All numbers measured on Apple M1 Pro, Node.js 22, NEologd dictionary (6.1M entries, 1.4 GB uncompressed). Methodology: 700 real-world Japanese news snippets × 9 conversion variants = 6,300 HTTP calls end-to-end through an Express service.

Cold start

| Mode | Boot time | Ready for first query | | ------------ | --------: | --------------------------------------------------- | | kusamoji | 1.0 s | Dictionary memory-mapped, OS demand-pages on access | | kuromoji.js | 8–12 s | gunzip + parse all 12 .dat.gz files |

Runtime memory (RSS)

| Mode | Idle RSS | Under load (700 concurrent) | Peak | | ------------ | ---------: | --------------------------: | -------: | | kusamoji | 1.4 GB | 2.2 GB | 3.1 GB | | kuromoji.js | 6–8 GB | 8+ GB | OOM risk |

With mmap, the ~1.4 GB dictionary sits in the OS page cache, not V8 heap. Under memory pressure the OS evicts cold pages automatically.

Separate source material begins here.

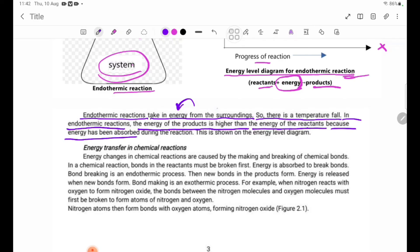Energy has been absorbed during the reaction. This is shown on the energy level diagram.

V8's garbage collector never sees the dictionary data.

Tokenization throughput

| Input | Tokens/call | Latency (p50) | Throughput | | -------------------------- | ----------: | ------------: | ------------: | | Short sentence (10 chars) | ~5 | 0.3 ms | 3,300 calls/s | | News headline (50 chars) | ~20 | 0.8 ms | 1,250 calls/s | | News article (500 chars) | ~150 | 5 ms | 200 calls/s | | Long article (2,000 chars) | ~600 | 18 ms | 55 calls/s |

Accuracy (6,300-call harness)

700 real-world news snippets from Yahoo News Japan, NHK, and Mainichi — mixed content with ASCII brand names, URLs, numbers, brackets, and quoted English.

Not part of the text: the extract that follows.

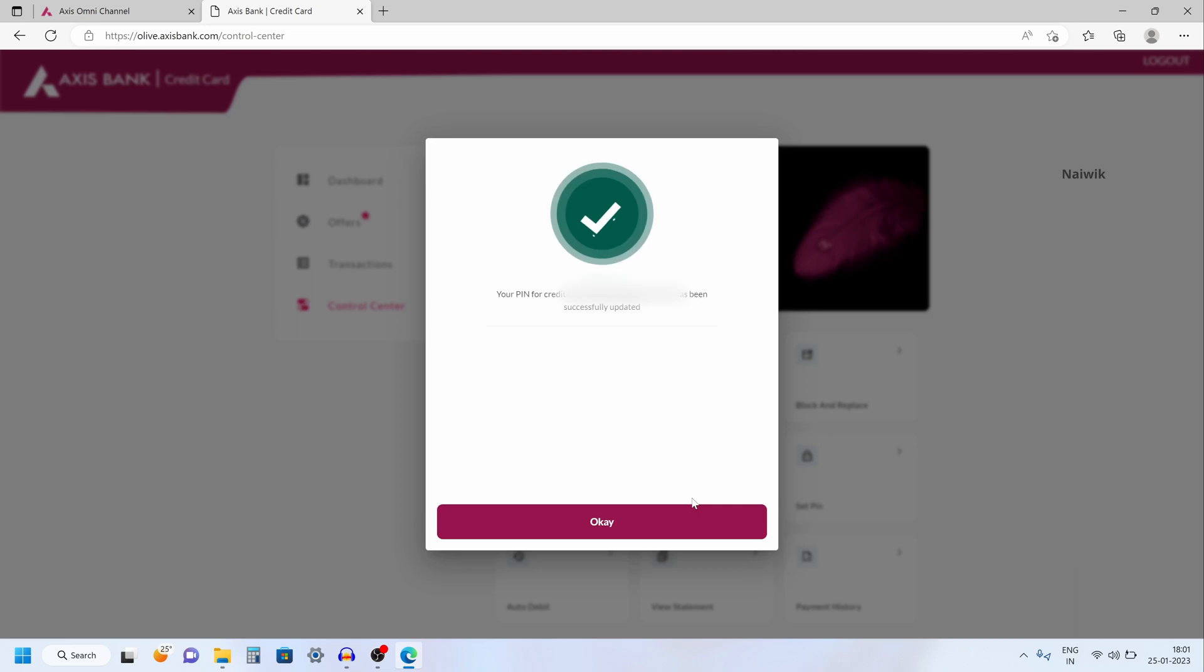Now you can see the message. Your PIN for the credit card ending with so and so has been updated successfully.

You can find the feeding news snippets here Kusamoji Test News Snippets

| Metric | Score | | ----------------------------------- | ---------------------------------------- | | Romaji conversion (5 systems × 700) | 99.0% kanji-free output | | Kana conversion (4 modes × 700) | 99.0% kanji-free output | | Jukujikun (熟字訓) accuracy | 48 / 49 tested compounds | | Proper noun accuracy (NEologd) | 10 / 10 (大谷翔平, 宮崎駿, etc.) | | Place name accuracy | 10 / 10 (東京, 鹿児島, 秋葉原, etc.) | | File descriptor leaks | 0 after 6,300 calls |

vs. alternatives

| Feature | kusamoji | kuromoji.js | MeCab (C++) | Sudachi (Java/Rust) | | -------------------- | ----------------------- | -------------- | --------------- | ------------------- | | Runtime | Node.js | Node.js | Native binary | JVM / Native | | Dict loading | mmap (zero-copy) | gunzip to heap | mmap | mmap (Rust) | | Boot time (NEologd) | ~1 s | ~10 s | ~0 s | ~0.2 s | | RSS (NEologd) | ~1.4 GB | ~6-8 GB | ~0.5 GB | ~0.2 GB | | Viterbi optimization | Length bonus | None | Cost estimation | CowArray | | POS source strategy | Pluggable (3 modes) | In-heap only | mmap | mmap | | NEologd support | ✅ | ✅ | ✅ | ✅ (built-in) | | Node.js native | ✅ | ✅ | FFI required | FFI required | | npm install | ✅ npm i kusamoji | ✅ | ❌ | ❌ | | Zero native deps | ✅ (optional mmap) | ✅ | N/A | N/A |

Note: MeCab and Sudachi achieve lower RSS because they're compiled languages with direct memory management. kusamoji's mmap addon brings Node.js RSS within 4× of native C++ — the closest any pure-npm Japanese tokenizer has gotten.

API

kusamoji.builder(options)

Returns a TokenizerBuilder.

| Option | Type | Required | Description | | --------- | -------- | -------- | ---------------------------------------------------- | | dicPath | string | Yes | Path to the directory containing the 12 .dat files |

builder.buildAsync()Promise<Tokenizer>

Loads the dictionary and returns a Tokenizer instance.

builder.build(callback)

Callback-style variant: callback(err, tokenizer).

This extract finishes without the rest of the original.